クールなヤンキーくんの溺愛が止まりません!
「お母さ〜んっ!!」
「ふふーん。黒川くんとデートなんでしょ?」
「…へっ?!なんで…それ…」
「見てたらわかるわよ〜、あんな早起きしてずーっと鏡見てるんですもの。決まらないの?服」
「…うん…いつもは全然気にしないのに…今日はなんだか、全部の服が変に見える」
「ふふっ。

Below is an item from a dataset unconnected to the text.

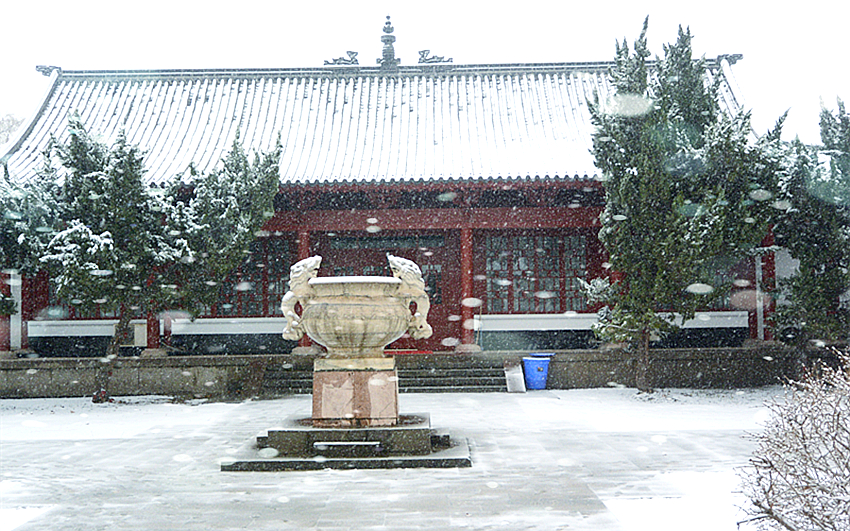 DSC_9153_副本.jpg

お母さんもお父さんと初めてデートする時そうだった♪」
「…そうなんだ」
お父さんとお母さんの初めてのデートなんて、想像しただけでなんだかこっちが恥ずかしくなる。
「沙良は何着ても似合うんだから。いつも通りでいいと思うわよ」
お母さんは私の両肩を後ろから掴まえて、鏡ごしで私を見ながらそう言う。
お母さんのたった一言で。
なんだか少しだけ心が落ち着く。
「うん。ありがとう。お母さん」
第一、恋人じゃなくて友達だし、遊びに行くわけじゃなくて、謝るために会うわけだもんね。
そうだ。そうだ。
少し浮かれていた気持ちを慌てて押し殺して、私は普段着ているお気に入りの服に袖を通した。